Antwone Fisher is the latest of a subgenre, the male weepie -- others include Field of Dreams, Saving Private Ryan, Bang the Drum Slowly and Braveheart -- that un-dam the waterworks. Its popularity raises a question: What does it take to make strong men cry?
Randolph R. Cornelius, a professor of psychology at Vassar, has studied the matter under laboratory conditions. He showed men films like Peege, a 1972 short about visiting a grandmother in a nursing home, and what he considers the champion male weepie, Brian's Song, a 1971 television movie about an interracial friendship between two Chicago Bears, one of whom dies. (In his lab, women get the death scene from Steel Magnolias.) Women cry when they are angry or frustrated, Cornelius said, or when there are conflicts in a relationship. "Men cry more in situations involving loss," he said, "or about re-establishing connections."
Terrence Real, a psychotherapist at the Family Institute of Cambridge in Watertown, Mass., echoed that conclusion. "What men think about when they cry are the losses, the missed opportunities, the missed connections with other people," he said. "They have regrets about bad behavior, like drinking, or being too angry, or not being with their kids enough. And their issues with their fathers."

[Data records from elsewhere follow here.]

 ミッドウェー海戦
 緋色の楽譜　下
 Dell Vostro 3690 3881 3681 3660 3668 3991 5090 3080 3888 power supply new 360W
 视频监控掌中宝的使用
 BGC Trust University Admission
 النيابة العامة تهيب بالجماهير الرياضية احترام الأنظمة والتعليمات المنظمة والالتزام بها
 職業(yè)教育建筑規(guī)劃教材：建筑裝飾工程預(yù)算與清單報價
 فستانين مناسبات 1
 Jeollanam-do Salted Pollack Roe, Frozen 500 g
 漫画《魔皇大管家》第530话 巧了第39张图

He added: "Women continue making friends all through life. As men grow older, they have fewer friends. So as they go down the conveyor belt of life, they cry more."
Movies open floodgates
American men, mind you, more than hold their own in the international crying Olympics. A study in 29 countries completed in 1999 found that American male college students cried 1.9 times a month on average, half as often as American female college students but tied for first place with Nepalese male college students.
Many men are more likely to grow teary watching a movie or a television drama -- even a Hallmark commercial -- than in real life, even after a wrenching event like a parent's death.

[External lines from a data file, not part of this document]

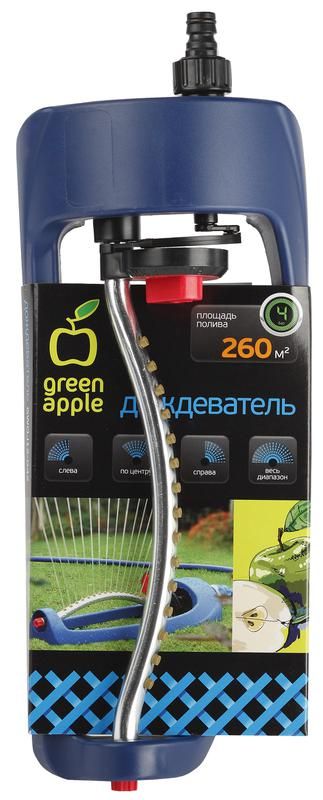 Дождеватель туба алюм. 260кв.м (1/12) Green Apple Б0003101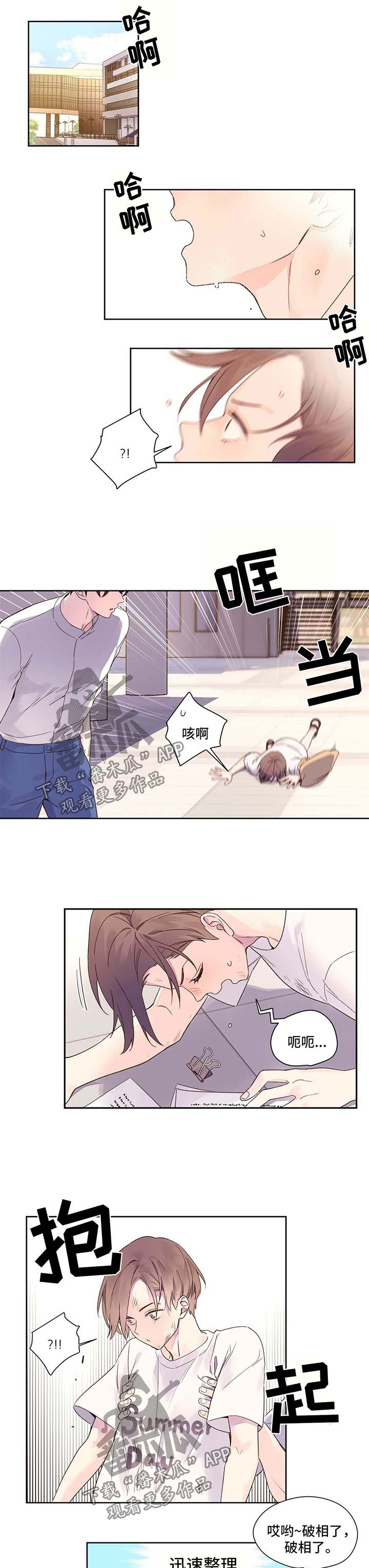 第18章：考试加油5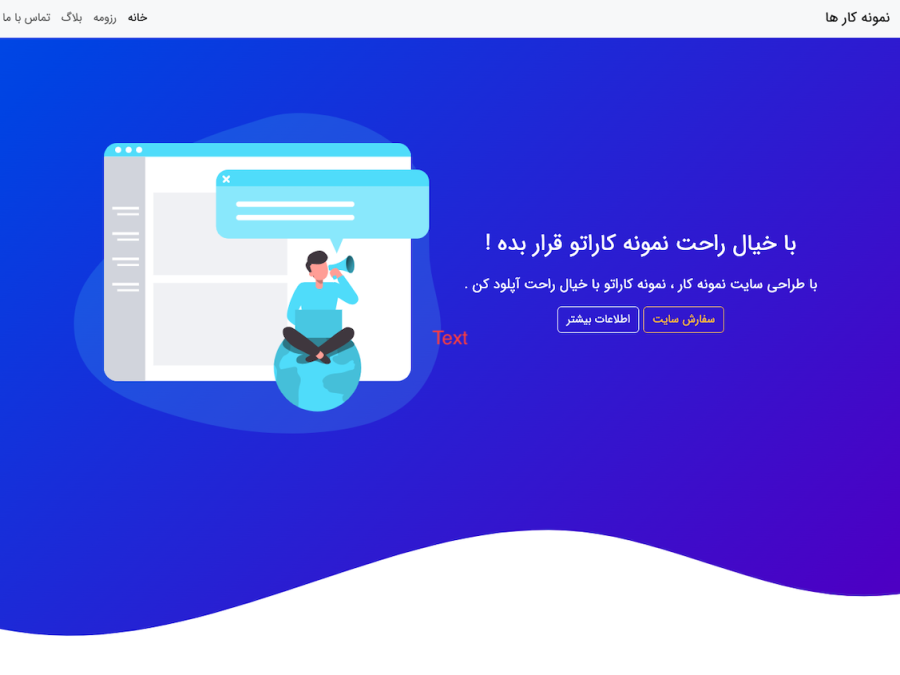 سایت شماره ۱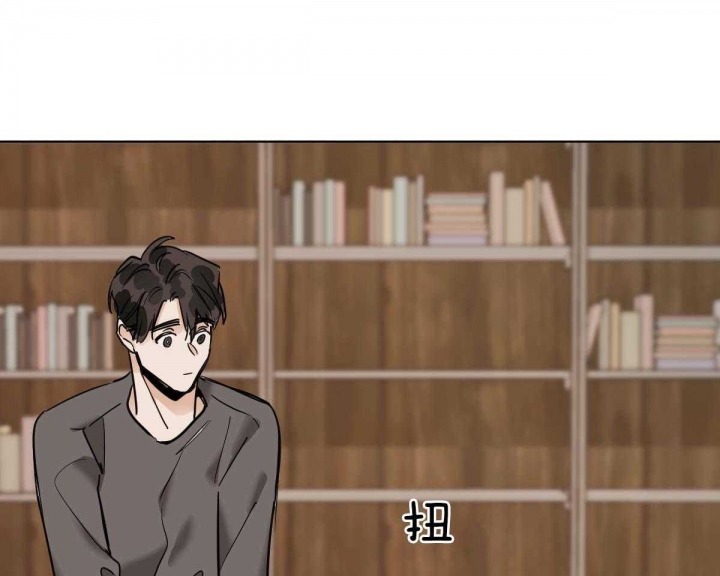 冷血动物又叫什么动物漫画,第37话2图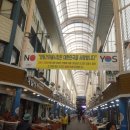 대일건어물 이미지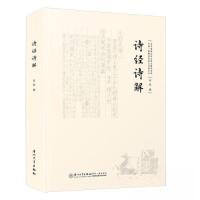 正版新书]诗经诗解许总9787561587232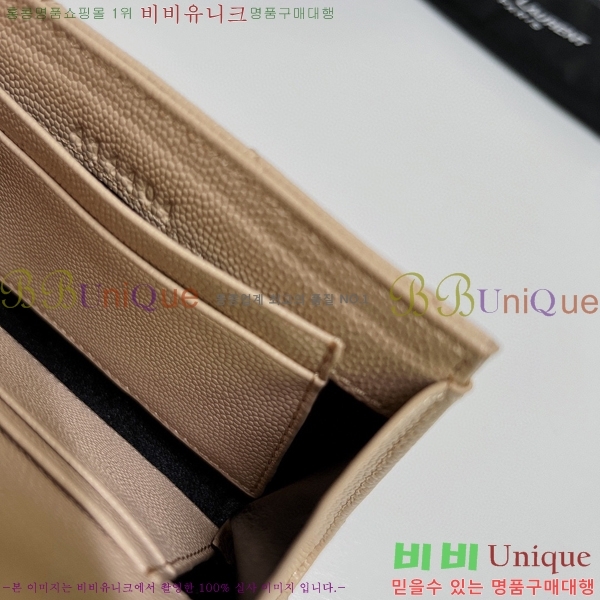 #���ζ� NEW �������� ī�� ���� ���� 414404-7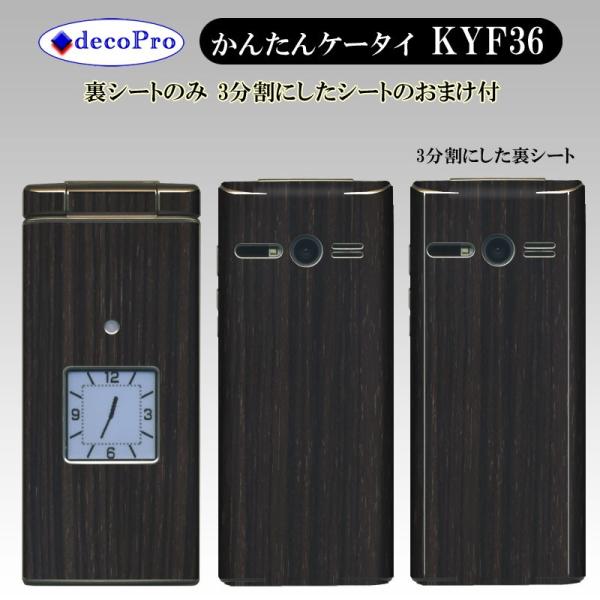 Decopro 񂽂P[^C KYF36 XLV[ ܂t fRV[g XLV[g gѕیV[g CAX ؖڃ[uEbh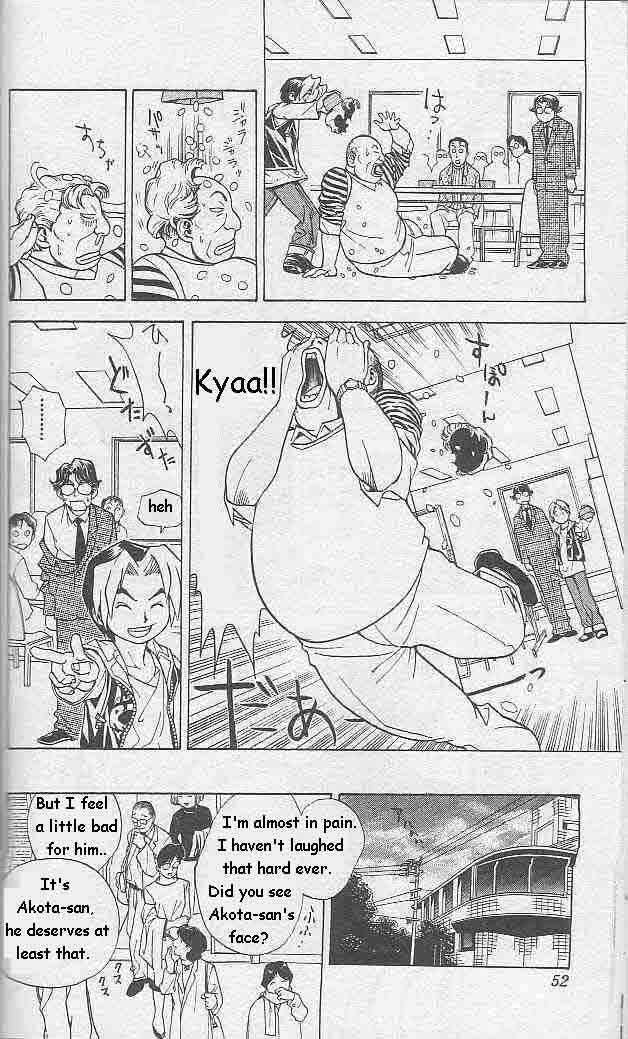 Hikaru no Go Vol.01 Chapter 000 page 48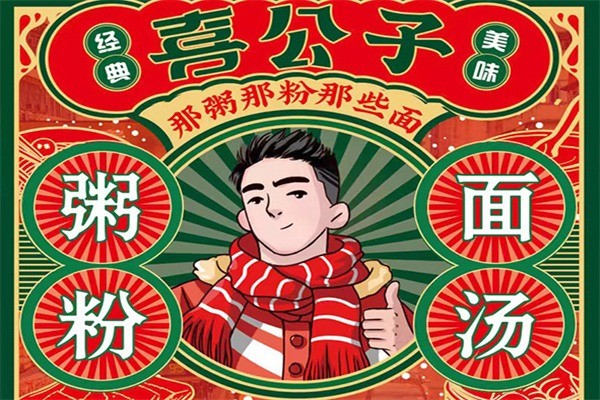 喜公子粥铺加盟
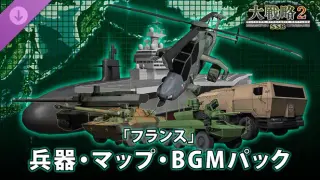 大戦略SSB2 - 「フランス」兵器・マップ・BGMパック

"That's the power of movies," Cornelius said. Not only do they take place in the dark, where men feel safe, he said, "but they can create this alternative life space in which we express our emotions, and they are freer and less complicated than our real lives."
The movies that bring on men's tears, Cornelius said, are in essence about male bonding -- losing or winning at sports, sacrifice on the battlefield, or losing or gaining a father. "Ordinary People was a real tear-jerker for men," he said. "A boy says, 'I love you,' to his father at the very end. As the lights came on, every man in the house wiped his eyes very quickly."

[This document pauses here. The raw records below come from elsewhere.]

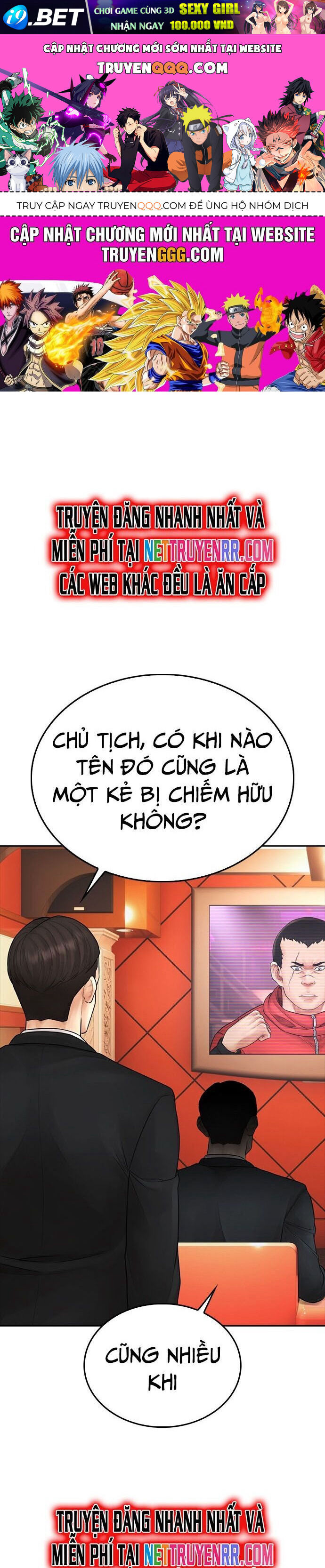 Bố Vạn Năng [Chap 94-108] - Page 0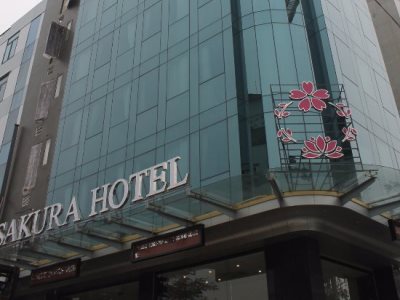 Гостиница Sakura Hotel Ii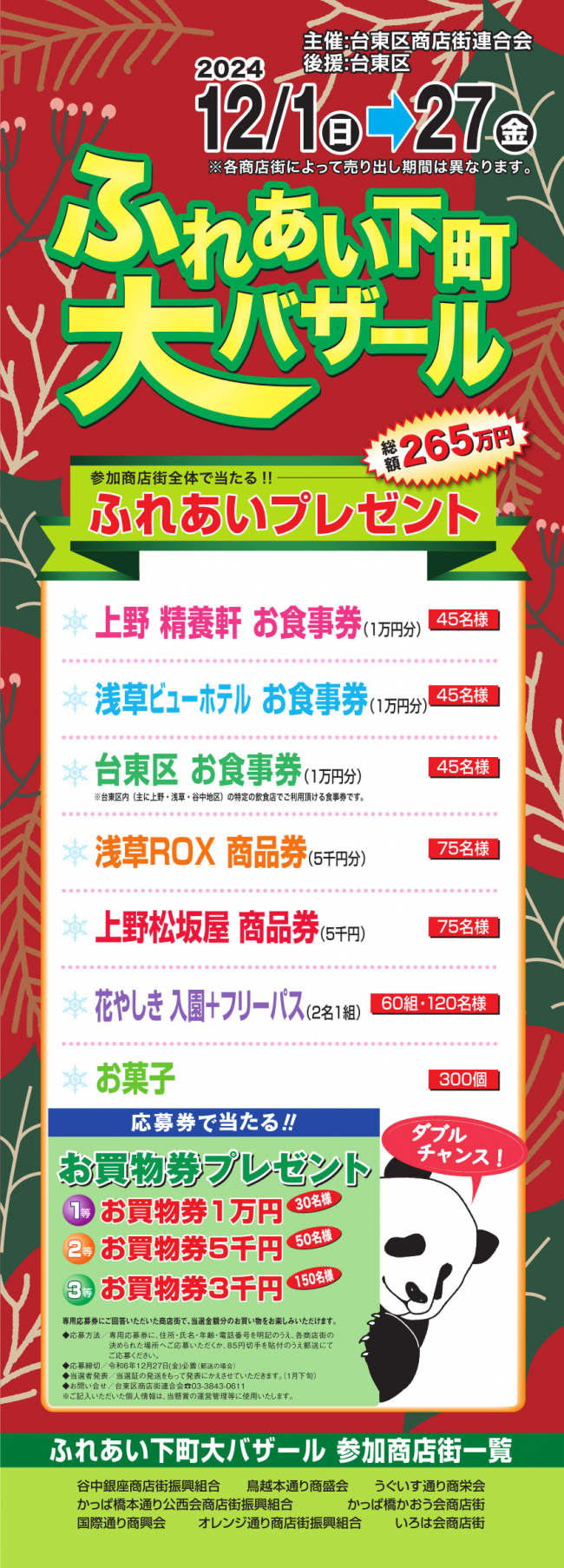 令和6年度「ふれあい下町大バザール（歳末期）」開催!!　2024.12.1～12.27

It's easy to say some men fear being seen as wimps. But something about men's tears is itself upsetting. Consider how CNN handled footage of Sen. Tom Harkin of Iowa choking back tears for a full minute before speaking about his friend Sen. Paul Wellstone, who died in a plane crash in October. Before rolling the tape, CNN issued a viewer discretion advisory. Sen. Harkin "gets very emotional," cautioned the anchor, Wolf Blitzer, who added, "I just want to issue that alert to those of you who may not want to watch this."
It was as if the sight of a man's tears threatened viewers' own composure, implying that the social order itself was in danger.
After the Sept. 11 attacks, when national figures like President Bush and Dan Rather shed tears publicly, a number of commentators noted how far society had come in allowing men to express emotions publicly. They contrasted those displays with the moment in the 1972 presidential primary campaign when Sen. Edmund S. Muskie was shown apparently crying over speculation about his wife's mental health. (Shortly after, Muskie withdrew from the contest.)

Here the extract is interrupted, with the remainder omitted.